Se La vita è meravigliosa di Frank Capra è l’Iliade dei film di Natale e Una poltrona per due di John Landis è l’Odissea…S.O.S. fantasmi di Richard Donner è sicuramente l’Eneide: un grande classico di Natale, ricco di influenze del primo e del secondo, ma che racconta in chiave moderna e con una grande manciata d’ironia Il Canto di Natale di Charles Dickens (il titolo originale è infatti Scrooged), con protagonista un superbo Bill Murray.
Per l’attore di Evanston fu un vero e proprio ritorno al cinema, dopo una “sparizione” dovuta all’enorme flop de Il filo del rasoio, film a cui teneva molto e che sceneggiò insieme al regista John Byrum, oltre (ovviamente) ad interpretarlo. A causa delle forti critiche Murray entrò in una profonda crisi esistenziale, sfiorando addirittura l’idea di abbandonare la professione di attore, per studiare storia e filosofia alla Sorbona di Parigi.
Quando sentì il desiderio di tornare a recitare, tornò proprio sul progetto di Donner, rimasto fermo dal giorno del suo rifiuto avvenuto anni prima.
Murray descrisse l’esperienza come una “Discreta quantità di sofferenza”. Sentiva la costante pressione dell’essere il protagonista solista, su un set fumoso, polveroso e puzzolente, dove chiunque interpretava brevi camei di uno/due giorni, mentre lui era costretto ad essere sempre presente. Per terminare le riprese, impose alla produzione che i suoi fratelli recitassero nel film.

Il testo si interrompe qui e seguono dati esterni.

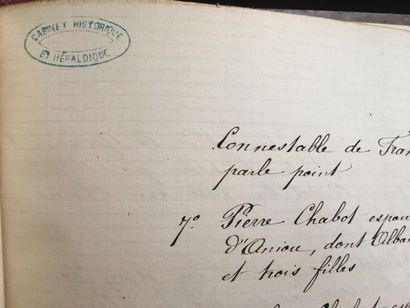 null * [Manuscript] BERTIN DU ROCHERET (Valentin-Philippe). Genealogy of the house...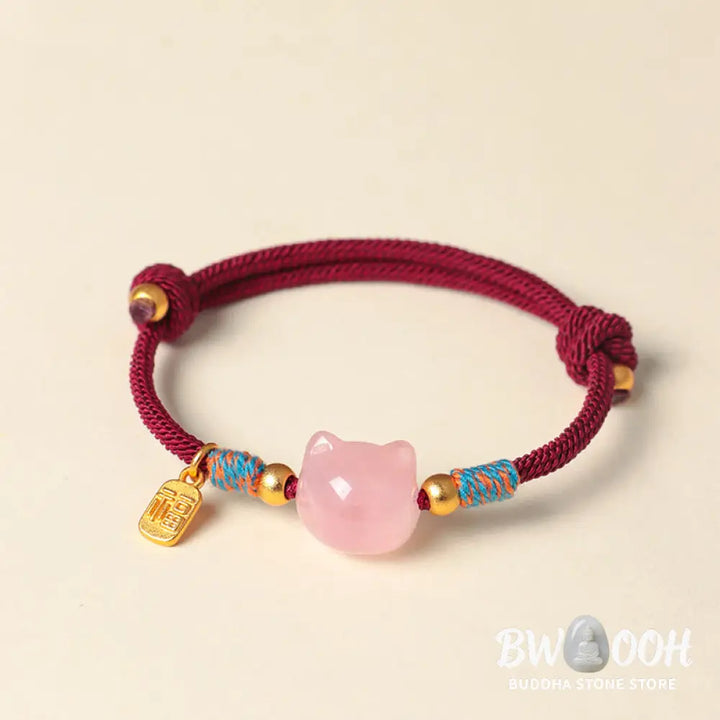 Buddha Stones Cat Fu Character Silver Sheen Obsidian Pink Crystal String Protection Bracelet - Bracelet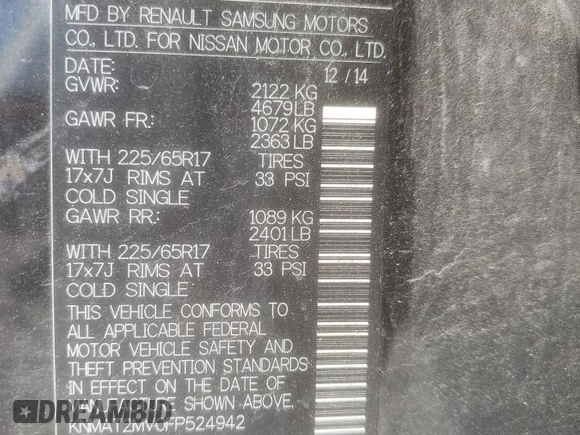 2015 Nissan Rogue S with VIN KNMAT2MV0FP524942, listed as a Copart auction lot 49583595 with 95,133 mi miles and Salvage Title. Bid and sale history available at DreamBid. Image 15.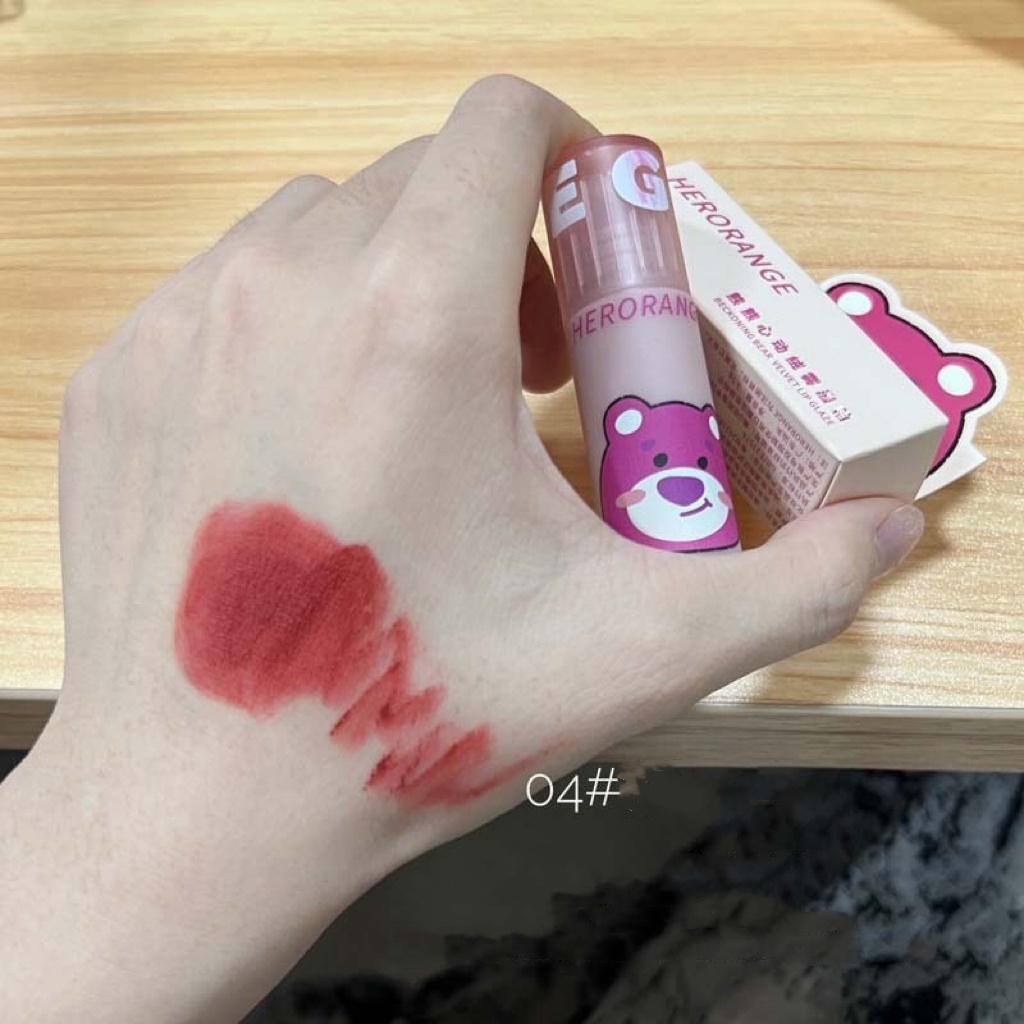 Son kem lì gấu dâu HERORANGE mềm mịn lâu trôi Beckoning Bear Velvet Lip Glaze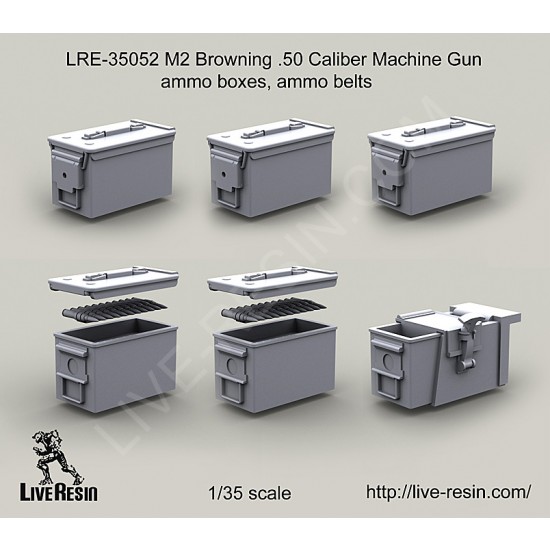 1/35 M2 Browning .50 Caliber Machine Gun Ammo Boxes & Ammo Belts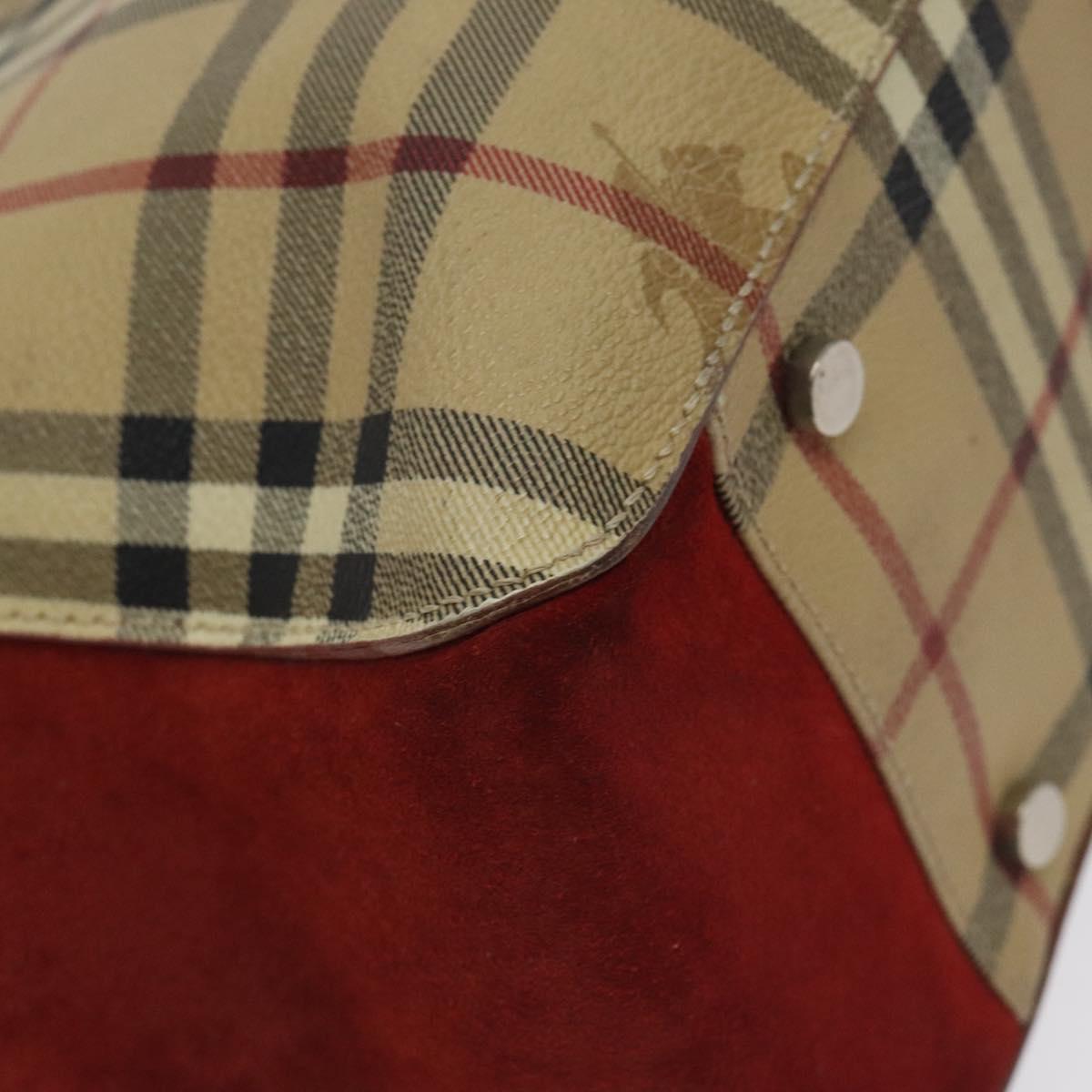 BURBERRY Nova Check Tote Bag PVC Beige Auth 130417
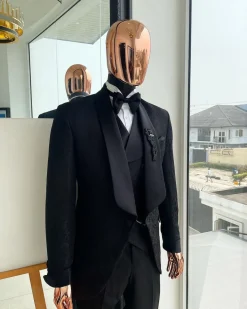 A Charcoal black, floral patterned jacquard tuxedo suit
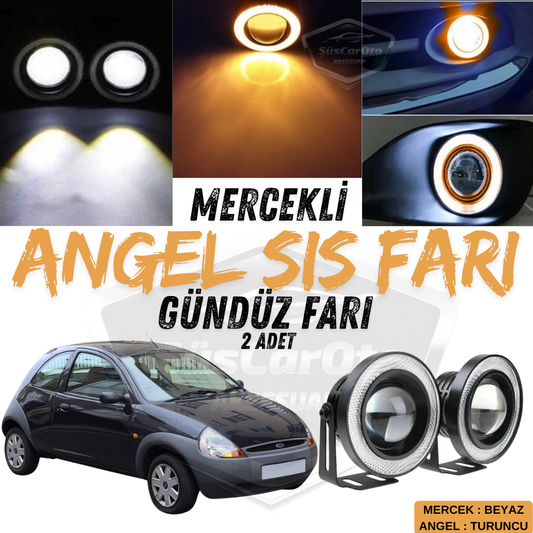 Faro antiniebla universal con proyector Angel Eyes compatible con Ford Ka 1996-2008, metal, impermeable, 76 mm, con halo naranja, luz diurna, 2 unidades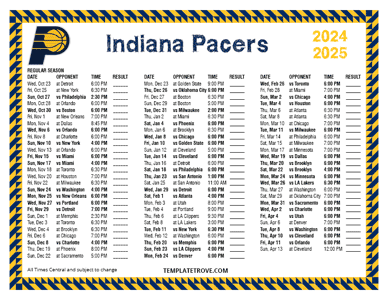 2024-25 Printable Indiana Pacers Schedule - Central Times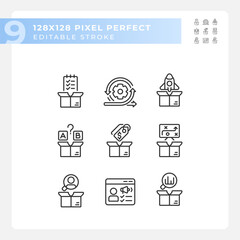Pixel perfect black icons representing product management, editable thin line illustration set.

Nonostante i palesi contrasti e le difficoltà nel gestire il forte carattere e le infinite improvvisazioni di Murray, Donner non utilizzò mai termini forti nei confronti dell’attore, descrivendolo come “Superbamente creativo, ma a volte difficile…difficile come qualsiasi attore” aggiungendo anche che “Dirigere Bill è come dirigere il traffico tra la 42esima e Broadway, mentre i semafori sono spenti”.